Inflation on the other hand has eased slightly, but still projected by the central bank to remain above its 4 percent medium-term target in 2018.
"The recent strength of the economy has belatedly shifted discussion from whether the RBI might cut policy rates again to whether it should hike," noted Shilan Shah, senior India economist at Capital Economics.
The RBI is expected to change its stance toward policy tightening by year-end, according to 60 percent of 33 economists, including four respondents who thought the shift would come as early as its June meeting.
"With growth-inflation data likely to be higher after April, we believe there is a risk of more hawkish rhetoric at meetings in June and beyond, including a change in policy stance," wrote Sonal Varma, chief India economist at Nomura.
The latest consensus is for the RBI to hike the repo rate and the reverse repo rate by 25 basis points in the first three months of 2019 and follow it up with another one in the quarter through to end-December.
Just last month, the consensus was for the central bank to hold fire until at least the second half of 2019.
"The forecast for inflation suggests that after a temporary decline, which we have already seen, inflation will move slightly higher and this will force a hike," said Dariusz Kowalczyk, senior economist for ex-Japan Asia at Credit Agricole CIB.
After hitting a low of 1.46 percent in June 2017, consumer price inflation steadily rose to a 17-month high in December. However, February's inflation print showed inflation at 4.4 percent, giving the RBI a breather.
According to the central bank's own projections, inflation is likely to average 5.1-5.6 percent for the first half of the 2018-19 fiscal year, before hovering around 4.5 percent for the remainder of the year.
While the median consensus of economists predicts a rate hike early next year, almost a third of respondents forecast the RBI will lift rates by the end of September.
Several of them also expect another rate hike before end-2018.
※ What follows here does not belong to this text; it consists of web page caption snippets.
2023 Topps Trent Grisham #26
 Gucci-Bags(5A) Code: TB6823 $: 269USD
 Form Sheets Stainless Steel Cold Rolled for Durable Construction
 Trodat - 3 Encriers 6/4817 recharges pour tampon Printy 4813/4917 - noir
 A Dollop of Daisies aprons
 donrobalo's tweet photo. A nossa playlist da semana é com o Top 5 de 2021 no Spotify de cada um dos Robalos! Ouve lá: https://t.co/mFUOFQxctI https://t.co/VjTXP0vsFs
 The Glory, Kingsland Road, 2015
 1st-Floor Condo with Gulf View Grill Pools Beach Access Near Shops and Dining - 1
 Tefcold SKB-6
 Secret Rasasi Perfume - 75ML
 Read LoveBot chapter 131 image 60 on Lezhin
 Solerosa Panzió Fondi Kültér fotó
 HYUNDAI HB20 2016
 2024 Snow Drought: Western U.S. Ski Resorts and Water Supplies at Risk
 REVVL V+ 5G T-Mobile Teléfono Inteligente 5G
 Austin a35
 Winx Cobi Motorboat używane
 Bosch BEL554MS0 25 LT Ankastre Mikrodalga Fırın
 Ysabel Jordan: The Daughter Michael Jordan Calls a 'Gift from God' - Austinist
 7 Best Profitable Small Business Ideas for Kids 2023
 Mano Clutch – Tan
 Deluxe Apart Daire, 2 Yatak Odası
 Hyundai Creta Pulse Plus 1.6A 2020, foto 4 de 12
Against a backdrop of government fiscal slippage, the RBI would focus on "price stability", higher bond yields and sticky inflation near the upper band of its target, according to Vishnu Varathan, head of economics and strategy at Mizuho Bank.
"The fact that evidence of underlying inflation is picking up...should tilt them towards one rate hike to calibrate policy," Mizuho's Varathan said.
"The growth story is also going to align nicely with the RBI's position because we are coming off a soft base after the demonetization and GST impact ... the policy decision becomes less of a dilemma and the clarity with which they need to act solidifies in the second half of this year."
If the RBI does raise rates when expected, it would follow other major central banks which are already tightening policy.
The U.S. Federal Reserve raised rates in March and is expected to follow it up with three more hikes this year, according to a separate Reuters poll.